*WHAT IS REQUIRED*: From the line bearing "A screenshot of a robotic claw in FreeCAD." down to the final line of the records below, give every line again exactly and add nothing.

*Brief descriptive captions*:
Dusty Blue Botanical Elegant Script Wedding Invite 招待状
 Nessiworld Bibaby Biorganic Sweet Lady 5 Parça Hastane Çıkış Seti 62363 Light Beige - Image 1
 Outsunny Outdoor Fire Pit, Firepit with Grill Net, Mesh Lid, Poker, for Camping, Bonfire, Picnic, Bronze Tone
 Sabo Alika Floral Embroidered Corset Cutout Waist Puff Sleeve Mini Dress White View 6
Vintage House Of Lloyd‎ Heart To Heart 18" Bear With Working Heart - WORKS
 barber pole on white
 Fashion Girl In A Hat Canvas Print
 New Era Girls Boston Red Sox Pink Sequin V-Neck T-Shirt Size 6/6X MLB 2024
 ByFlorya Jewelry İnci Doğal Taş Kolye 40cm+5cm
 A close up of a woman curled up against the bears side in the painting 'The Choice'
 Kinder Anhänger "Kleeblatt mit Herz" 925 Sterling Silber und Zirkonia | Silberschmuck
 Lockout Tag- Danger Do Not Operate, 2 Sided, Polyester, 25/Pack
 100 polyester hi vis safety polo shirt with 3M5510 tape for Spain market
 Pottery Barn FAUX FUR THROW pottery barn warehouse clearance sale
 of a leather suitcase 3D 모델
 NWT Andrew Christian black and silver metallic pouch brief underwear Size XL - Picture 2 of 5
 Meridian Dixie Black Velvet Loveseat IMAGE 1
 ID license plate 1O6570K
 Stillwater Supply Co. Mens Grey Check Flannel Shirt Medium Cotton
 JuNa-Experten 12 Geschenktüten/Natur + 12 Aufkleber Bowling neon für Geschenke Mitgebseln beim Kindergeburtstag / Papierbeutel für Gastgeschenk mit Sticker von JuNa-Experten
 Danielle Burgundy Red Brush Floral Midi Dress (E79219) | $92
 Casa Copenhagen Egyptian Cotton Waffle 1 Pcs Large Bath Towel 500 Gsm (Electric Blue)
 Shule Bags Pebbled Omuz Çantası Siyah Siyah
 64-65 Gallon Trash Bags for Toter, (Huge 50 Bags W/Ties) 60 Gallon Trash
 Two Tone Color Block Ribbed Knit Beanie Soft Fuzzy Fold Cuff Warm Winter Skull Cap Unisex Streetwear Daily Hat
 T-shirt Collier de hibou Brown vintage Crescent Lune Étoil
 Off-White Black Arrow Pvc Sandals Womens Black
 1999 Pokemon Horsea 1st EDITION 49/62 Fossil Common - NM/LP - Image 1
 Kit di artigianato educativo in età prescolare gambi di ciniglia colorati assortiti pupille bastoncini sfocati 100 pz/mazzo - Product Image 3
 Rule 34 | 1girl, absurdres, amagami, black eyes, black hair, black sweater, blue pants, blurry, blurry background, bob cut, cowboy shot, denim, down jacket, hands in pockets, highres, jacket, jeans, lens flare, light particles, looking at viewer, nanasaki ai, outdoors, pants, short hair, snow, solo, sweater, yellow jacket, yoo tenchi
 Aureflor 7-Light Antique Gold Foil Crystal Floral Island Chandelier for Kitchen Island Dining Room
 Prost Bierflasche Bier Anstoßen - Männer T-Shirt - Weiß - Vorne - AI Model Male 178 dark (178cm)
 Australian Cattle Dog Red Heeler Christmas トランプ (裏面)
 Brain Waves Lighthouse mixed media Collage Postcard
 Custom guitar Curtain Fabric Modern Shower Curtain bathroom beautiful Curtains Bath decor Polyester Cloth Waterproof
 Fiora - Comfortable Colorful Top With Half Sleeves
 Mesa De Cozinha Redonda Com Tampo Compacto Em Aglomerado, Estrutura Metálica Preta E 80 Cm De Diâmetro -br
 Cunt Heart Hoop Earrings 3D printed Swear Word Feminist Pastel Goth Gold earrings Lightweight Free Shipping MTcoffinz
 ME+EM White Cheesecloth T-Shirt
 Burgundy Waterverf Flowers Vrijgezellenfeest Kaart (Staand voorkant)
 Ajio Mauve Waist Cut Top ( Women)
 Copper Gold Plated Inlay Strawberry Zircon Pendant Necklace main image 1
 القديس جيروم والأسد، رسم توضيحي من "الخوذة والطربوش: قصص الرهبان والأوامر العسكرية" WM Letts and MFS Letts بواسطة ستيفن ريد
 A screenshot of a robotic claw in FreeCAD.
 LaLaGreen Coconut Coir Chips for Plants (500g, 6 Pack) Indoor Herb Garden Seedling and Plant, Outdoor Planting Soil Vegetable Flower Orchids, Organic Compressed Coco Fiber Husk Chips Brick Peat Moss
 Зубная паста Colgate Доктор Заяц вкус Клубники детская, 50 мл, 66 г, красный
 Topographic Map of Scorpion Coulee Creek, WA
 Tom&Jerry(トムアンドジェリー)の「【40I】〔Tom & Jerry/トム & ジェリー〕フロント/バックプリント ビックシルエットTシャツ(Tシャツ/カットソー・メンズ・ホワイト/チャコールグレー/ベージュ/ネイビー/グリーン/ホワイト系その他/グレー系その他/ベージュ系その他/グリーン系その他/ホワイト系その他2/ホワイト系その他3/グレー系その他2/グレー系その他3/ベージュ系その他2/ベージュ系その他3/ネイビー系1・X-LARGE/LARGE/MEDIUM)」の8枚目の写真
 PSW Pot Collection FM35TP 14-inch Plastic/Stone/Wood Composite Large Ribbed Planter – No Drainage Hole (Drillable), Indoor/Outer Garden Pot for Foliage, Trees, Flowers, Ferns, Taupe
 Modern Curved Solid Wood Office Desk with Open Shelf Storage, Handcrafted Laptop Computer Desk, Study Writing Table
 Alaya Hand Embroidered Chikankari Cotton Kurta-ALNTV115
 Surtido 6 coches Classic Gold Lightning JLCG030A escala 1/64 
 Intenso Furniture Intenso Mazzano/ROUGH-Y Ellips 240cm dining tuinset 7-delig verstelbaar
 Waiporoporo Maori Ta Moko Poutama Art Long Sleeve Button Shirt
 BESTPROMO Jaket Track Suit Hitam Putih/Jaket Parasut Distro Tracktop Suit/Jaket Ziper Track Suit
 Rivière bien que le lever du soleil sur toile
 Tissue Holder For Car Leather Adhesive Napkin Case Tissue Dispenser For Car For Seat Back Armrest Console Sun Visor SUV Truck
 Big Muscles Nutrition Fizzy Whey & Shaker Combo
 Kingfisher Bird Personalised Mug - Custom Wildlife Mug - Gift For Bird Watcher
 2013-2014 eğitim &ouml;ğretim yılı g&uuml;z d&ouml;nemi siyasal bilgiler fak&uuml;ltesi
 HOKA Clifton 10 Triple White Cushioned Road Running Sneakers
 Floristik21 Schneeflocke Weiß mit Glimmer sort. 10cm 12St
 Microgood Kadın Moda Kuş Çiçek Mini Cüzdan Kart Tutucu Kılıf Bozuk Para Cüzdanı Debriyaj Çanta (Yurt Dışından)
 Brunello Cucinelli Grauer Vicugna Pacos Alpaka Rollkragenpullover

*ANSWER FOR THIS EXERCISE*:
 A screenshot of a robotic claw in FreeCAD.
 LaLaGreen Coconut Coir Chips for Plants (500g, 6 Pack) Indoor Herb Garden Seedling and Plant, Outdoor Planting Soil Vegetable Flower Orchids, Organic Compressed Coco Fiber Husk Chips Brick Peat Moss
 Зубная паста Colgate Доктор Заяц вкус Клубники детская, 50 мл, 66 г, красный
 Topographic Map of Scorpion Coulee Creek, WA
 Tom&Jerry(トムアンドジェリー)の「【40I】〔Tom & Jerry/トム & ジェリー〕フロント/バックプリント ビックシルエットTシャツ(Tシャツ/カットソー・メンズ・ホワイト/チャコールグレー/ベージュ/ネイビー/グリーン/ホワイト系その他/グレー系その他/ベージュ系その他/グリーン系その他/ホワイト系その他2/ホワイト系その他3/グレー系その他2/グレー系その他3/ベージュ系その他2/ベージュ系その他3/ネイビー系1・X-LARGE/LARGE/MEDIUM)」の8枚目の写真
 PSW Pot Collection FM35TP 14-inch Plastic/Stone/Wood Composite Large Ribbed Planter – No Drainage Hole (Drillable), Indoor/Outer Garden Pot for Foliage, Trees, Flowers, Ferns, Taupe
 Modern Curved Solid Wood Office Desk with Open Shelf Storage, Handcrafted Laptop Computer Desk, Study Writing Table
 Alaya Hand Embroidered Chikankari Cotton Kurta-ALNTV115
 Surtido 6 coches Classic Gold Lightning JLCG030A escala 1/64 
 Intenso Furniture Intenso Mazzano/ROUGH-Y Ellips 240cm dining tuinset 7-delig verstelbaar
 Waiporoporo Maori Ta Moko Poutama Art Long Sleeve Button Shirt
 BESTPROMO Jaket Track Suit Hitam Putih/Jaket Parasut Distro Tracktop Suit/Jaket Ziper Track Suit
 Rivière bien que le lever du soleil sur toile
 Tissue Holder For Car Leather Adhesive Napkin Case Tissue Dispenser For Car For Seat Back Armrest Console Sun Visor SUV Truck
 Big Muscles Nutrition Fizzy Whey & Shaker Combo
 Kingfisher Bird Personalised Mug - Custom Wildlife Mug - Gift For Bird Watcher
 2013-2014 eğitim &ouml;ğretim yılı g&uuml;z d&ouml;nemi siyasal bilgiler fak&uuml;ltesi
 HOKA Clifton 10 Triple White Cushioned Road Running Sneakers
 Floristik21 Schneeflocke Weiß mit Glimmer sort. 10cm 12St
 Microgood Kadın Moda Kuş Çiçek Mini Cüzdan Kart Tutucu Kılıf Bozuk Para Cüzdanı Debriyaj Çanta (Yurt Dışından)
 Brunello Cucinelli Grauer Vicugna Pacos Alpaka Rollkragenpullover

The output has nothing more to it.